Individual IQ -- Individual success =/= Nation's average IQ -- Nation's GDP


----------



## Deleted member 2205 (Oct 9, 2019)

beyourself said:


> Individual IQ -- Individual success =/= Nation's average IQ -- Nation's GDP


Starting to think you're legitimately autistic.




There's no coping in this. Higher IQ has a correlation with more success. Just saying muh the data tested wasn't the same as individual success doesn't add to your argument at all.

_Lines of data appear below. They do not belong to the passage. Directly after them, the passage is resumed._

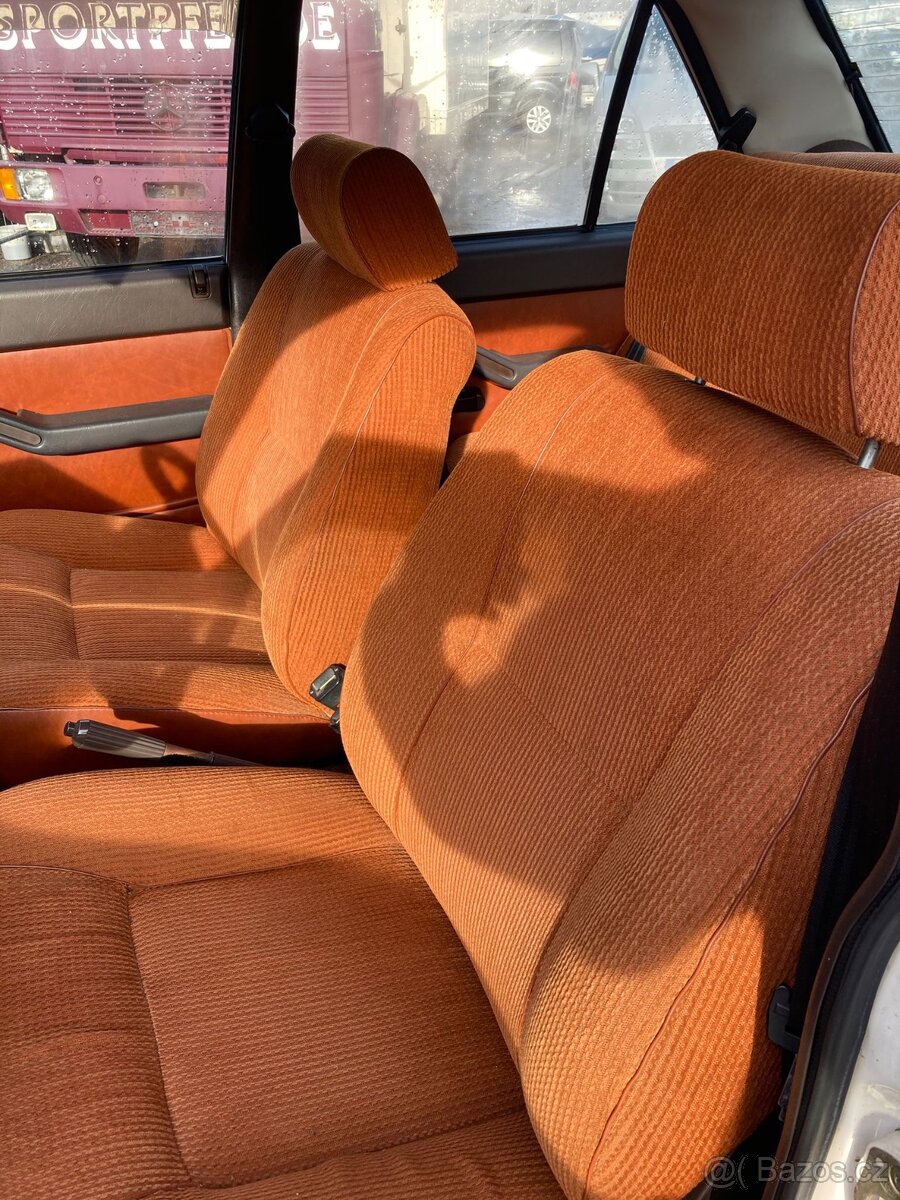 Fiat 131 Mirafiori - 3
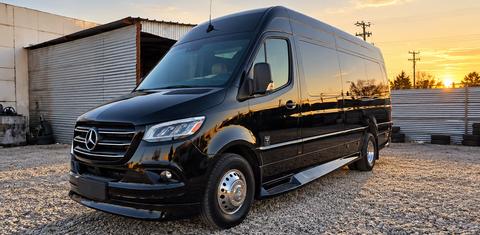 Mercedes-Benz Sprinter Cargo 2024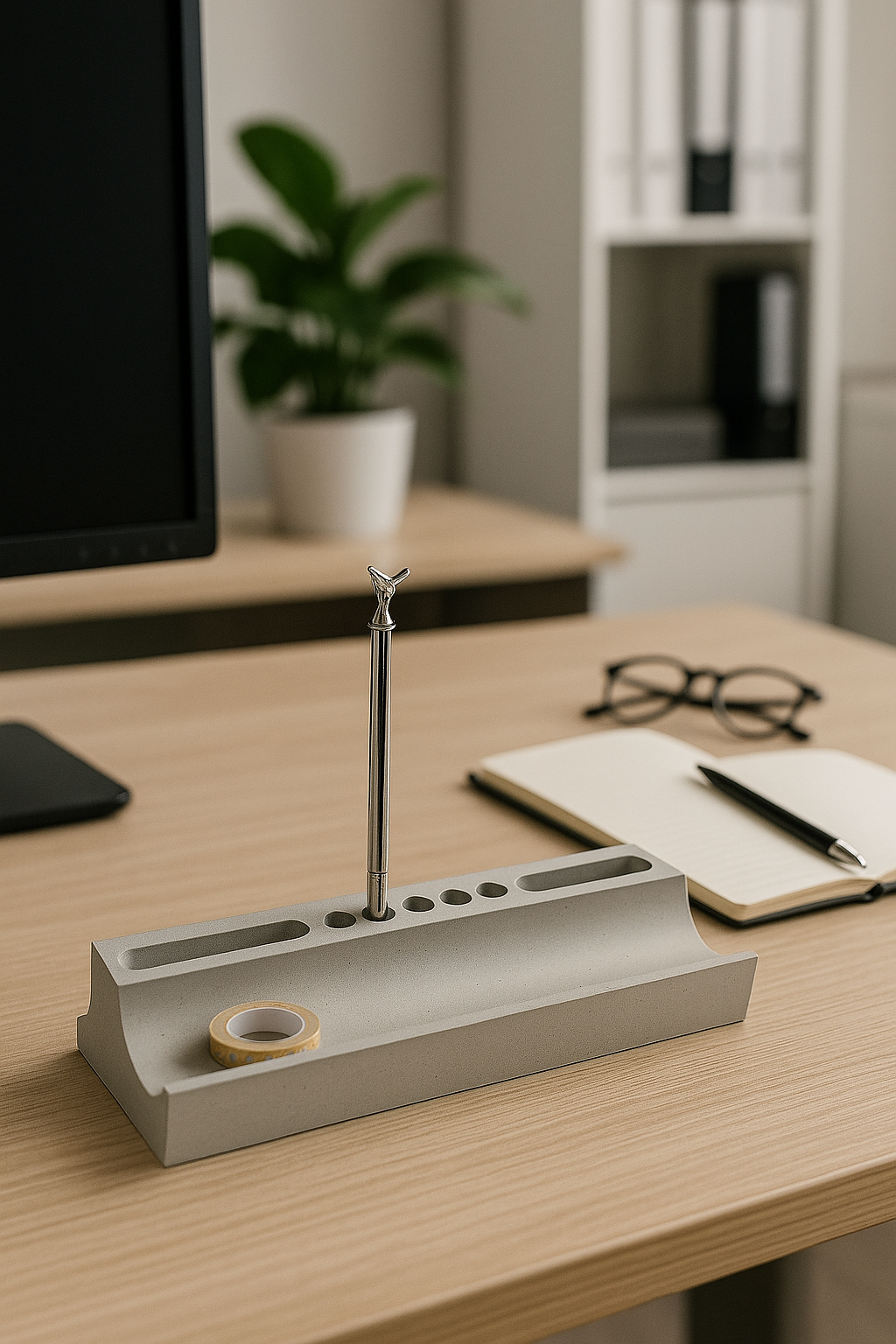 betoninė pieštukinė Dominus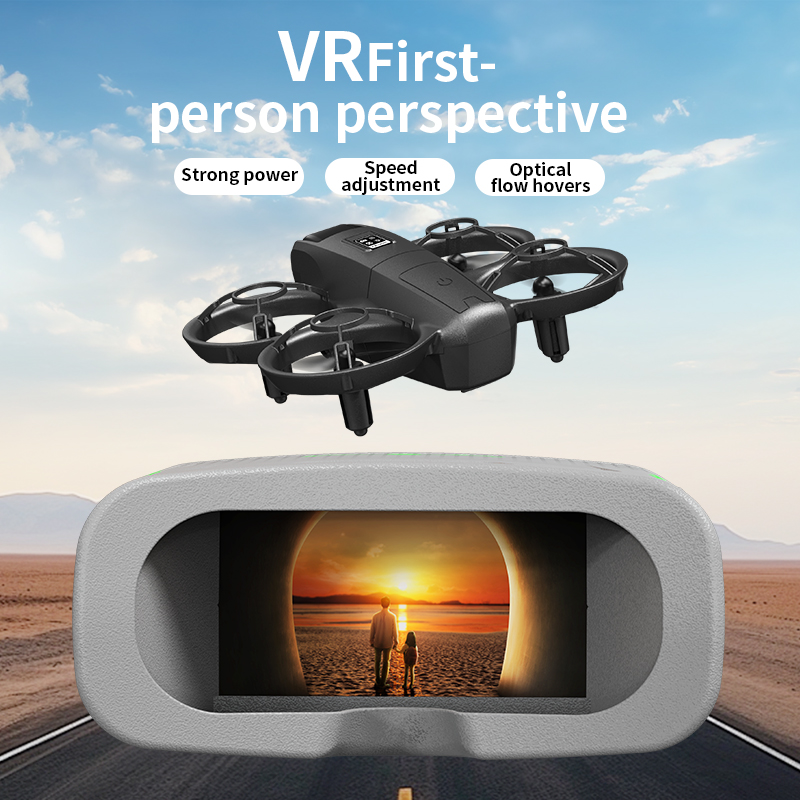 X228 VR FPV Drone HD Dual Came - Drone Camera Mount 评论和价格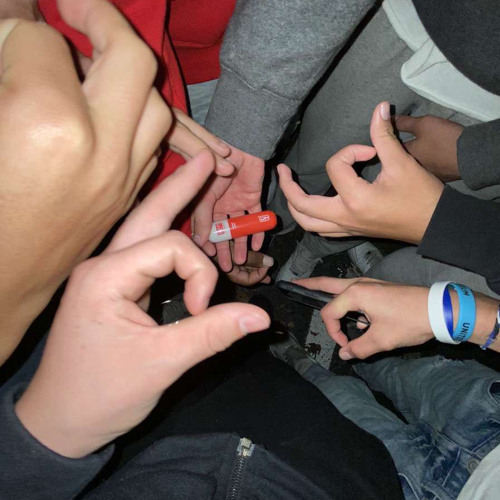 Is You Ready-GetMoneyDDot (feat.EDot)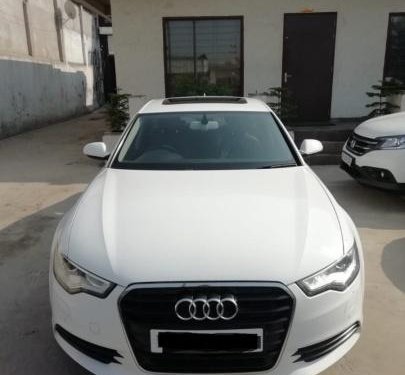 2012 Audi A6 for sale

IQ literally means you are better at learning. A person with higher IQ is simply better at retaining information. This doesn't directly mean better success but there is significant correlation.
Next time you try and make a statement, maybe get some evidence and stop typing like an idiot.


----------



## currymax (Oct 9, 2019)

Andromeda88 said:


> IQ is not a efficient tool to measure intelligence, IQ or g is a psychometric that is very misunderstood in the public eye. Having an average IQ doesn't preclude you from succeeding in academics. Generally speaking intelligence has different forms which can be applied, since the human brain hasn't been fully explored and studied you shouldn't take intelligence as straightforward fact or black and white.


keep coping, sunhuman


----------



## Deleted member 2205 (Oct 9, 2019)

There is definitely a general trend, and the there is little correlation after 110 @JustLikeAWoman.
IQ doesn't predetermine success, but having a higher IQ is definitely beneficial.


----------



## Deleted member 245 (Oct 9, 2019)

Agree with everything except the last sentence. No anount of IQ is worth being 5'5".


----------



## Brandon10 (Oct 9, 2019)

And of course everyone on the site has IQ over 120 lol


----------



## beyourself (Oct 9, 2019)

Dope said:


> Starting to think you're legitimately autistic.
> View attachment 131221
> 
> There's no coping in this. Higher IQ has a correlation with more success. Just saying muh the data tested wasn't the same as individual success doesn't add to your argument at all.
> ...


*"The Woodcock-Johnson III Tests of Achievement (WJ-III-ACH) is an individually administered standardized assessment battery of academic achievement. "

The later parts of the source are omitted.